In this world that we create through “jobs” and “entrepreneurs,” there is a particular ambition for human relations. We are not a community, we are not the people who go home to families or to lovers, or who give over bus seats to old ladies (however begrudgingly). We are creatures of self-interest. The “job” is an individualized property, the “entrepreneur” is a competitive shark.
Here, I am often confronted with the strange and indoctrinated belief that humans were “made” for this sort of life. We are (in a very Hobbesian sense) ants pursuing power, delighting in private ownership, cherishing the life of work. It is interesting to note how this conception often comes from people who would call themselves “realists,” and yet any realistic and reflective understanding of human beings is drastically opposed to these principles.
While it is true, we are formed from a myriad of desires, it seems to me that we gain fulfillment through creativity, knowledge, altruism, and adventure. I have trouble, when I leaf through religious texts, or when I study literature or a painting, or look at any other markers of intelligent and mature thought, to find a belief in human purpose as being rooted in “jobs” and “entrepreneurial” endeavours. There is something fundamental that is lacking in office bureaucracy, assembly-line work, or in the stressful and inauthentic displays of business-ownership. Furthermore, these are not the kind of miserable human beings I want to see come out of “progress.”
In this scramble for “jobs” and “entrepreneurs,” we forget our capacity for growth and development.
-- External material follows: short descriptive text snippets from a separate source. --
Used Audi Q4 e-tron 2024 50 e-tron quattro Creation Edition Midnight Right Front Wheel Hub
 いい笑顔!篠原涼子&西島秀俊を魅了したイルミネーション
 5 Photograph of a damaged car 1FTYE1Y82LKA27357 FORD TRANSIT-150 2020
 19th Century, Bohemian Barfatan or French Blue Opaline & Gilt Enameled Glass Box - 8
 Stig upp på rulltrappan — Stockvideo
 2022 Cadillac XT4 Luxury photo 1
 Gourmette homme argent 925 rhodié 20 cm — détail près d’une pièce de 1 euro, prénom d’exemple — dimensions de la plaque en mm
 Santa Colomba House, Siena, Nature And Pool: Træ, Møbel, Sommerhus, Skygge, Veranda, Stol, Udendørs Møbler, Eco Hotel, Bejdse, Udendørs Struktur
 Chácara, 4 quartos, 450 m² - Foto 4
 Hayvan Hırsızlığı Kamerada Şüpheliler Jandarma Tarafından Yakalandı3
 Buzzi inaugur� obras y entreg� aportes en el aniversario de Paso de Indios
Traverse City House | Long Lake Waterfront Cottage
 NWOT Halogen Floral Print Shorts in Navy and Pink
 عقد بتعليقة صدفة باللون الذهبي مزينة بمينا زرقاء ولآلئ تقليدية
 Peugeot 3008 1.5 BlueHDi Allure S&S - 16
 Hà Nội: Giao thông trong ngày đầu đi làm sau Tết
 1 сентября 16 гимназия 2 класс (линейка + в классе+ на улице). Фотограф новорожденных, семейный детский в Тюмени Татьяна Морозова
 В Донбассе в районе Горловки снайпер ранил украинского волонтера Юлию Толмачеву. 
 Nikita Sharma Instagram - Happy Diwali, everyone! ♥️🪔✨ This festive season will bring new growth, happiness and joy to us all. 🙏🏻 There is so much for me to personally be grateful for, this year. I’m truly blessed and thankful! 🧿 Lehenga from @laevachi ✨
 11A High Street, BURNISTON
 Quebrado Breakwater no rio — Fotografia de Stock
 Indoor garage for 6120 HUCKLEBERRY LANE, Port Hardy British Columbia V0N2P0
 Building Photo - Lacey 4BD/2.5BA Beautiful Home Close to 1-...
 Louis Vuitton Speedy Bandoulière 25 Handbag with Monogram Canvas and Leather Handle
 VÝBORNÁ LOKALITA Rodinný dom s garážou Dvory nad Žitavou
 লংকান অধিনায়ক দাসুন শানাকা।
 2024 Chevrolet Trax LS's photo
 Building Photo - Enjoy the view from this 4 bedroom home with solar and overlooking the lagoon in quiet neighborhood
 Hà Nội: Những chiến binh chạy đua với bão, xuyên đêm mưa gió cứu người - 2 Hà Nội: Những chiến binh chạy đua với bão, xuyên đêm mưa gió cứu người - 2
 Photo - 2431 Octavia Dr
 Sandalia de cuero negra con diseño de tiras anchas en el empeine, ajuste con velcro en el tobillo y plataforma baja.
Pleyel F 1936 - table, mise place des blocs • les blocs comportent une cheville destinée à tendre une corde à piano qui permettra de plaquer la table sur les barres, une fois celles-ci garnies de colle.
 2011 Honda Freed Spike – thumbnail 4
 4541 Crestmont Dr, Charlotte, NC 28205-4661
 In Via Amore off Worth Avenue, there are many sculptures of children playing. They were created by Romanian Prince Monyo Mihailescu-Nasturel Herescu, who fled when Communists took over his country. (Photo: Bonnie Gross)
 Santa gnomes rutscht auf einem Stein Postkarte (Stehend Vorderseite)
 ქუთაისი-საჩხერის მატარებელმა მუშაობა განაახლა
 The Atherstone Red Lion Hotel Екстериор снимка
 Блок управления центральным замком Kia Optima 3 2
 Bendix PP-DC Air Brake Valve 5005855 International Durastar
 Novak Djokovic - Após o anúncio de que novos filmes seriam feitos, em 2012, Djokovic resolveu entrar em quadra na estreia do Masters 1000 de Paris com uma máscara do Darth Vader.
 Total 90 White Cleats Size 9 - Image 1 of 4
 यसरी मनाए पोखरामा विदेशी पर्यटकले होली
In Canada, there is hardly a pressing need for production. We are resource rich, with progressive technology. Amazingly, despite our material luxury and advanced methods of production, we work harder and longer, not less.
In effect, it is because our resources are not controlled democratically, but by these “entrepreneurs” who dole out pittances from their stockpiles of plenty. They – not a society with a society’s benefit in mind – decide which jobs and which working conditions they would like to see in the world.
Were we to have some bravery and take control of these resources, the country would be very different. The “jobs” we could create could not just be excess jobs contributing to little social and personal value, but “good jobs,” “useful jobs.” We might finally come around to paying histories hardest workers, mothers (which would be a stroke of developmental genius), or growing labour forces in necessary industries like education and healthcare so that workers could take more time off.
“Good jobs,” yes, not just “jobs” – we can dwell on this point. Jobs are certainly required, there is still work to be done. However, we should not put ourselves in the position, as labour unions have been doing, of situating ourselves in a desperation for status-quo “jobs.” As we become more affluent, it is reasonable to demand (if all other ideas are too “unreasonable” or too “radical”) that our working conditions are ameliorated.
However, if one is to read labour historians like Craig Heron’s accounts of the 21st century, they would be convinced that the labour unions, who quietly represent the interests of “good jobs,” have failed in maintaining even the status quo. One wonders if it is this craze for “jobs” and only “jobs” on the part of those in power – on the part of those who, as I have illustrated, have no vision of progressing the individual – that has caused this decadence.
All things considered, to call the desire for “jobs” and “entrepreneurs” a failure would be a mistake. As you might recall, these “jobs” and “entrepreneurs” are needed for “economic growth.” “Economic growth,” as it is really conceived for our politicians, is accomplished through this talk of “jobs” and “entrepreneurs.” This is because the “economic growth” desired is the “economic growth,” not of society, but of the pockets of wealthy and influential corporate interests.
Under the pretense of “jobs” and “entrepreneurs,” politicians can do miracles for this “economic growth.” Bailing out multinationals, subsidizing a failing and nomadic automotive industry, purchasing pipelines, reversing the scales of justice for engineering companies – it is all excusable under the guise of providing a stable basis for “jobs” and “entrepreneurs.”
To just be suspicious when human purpose is forgotten, progress impeded, and small minorities are privileged, is unacceptable. One should be moving on to action.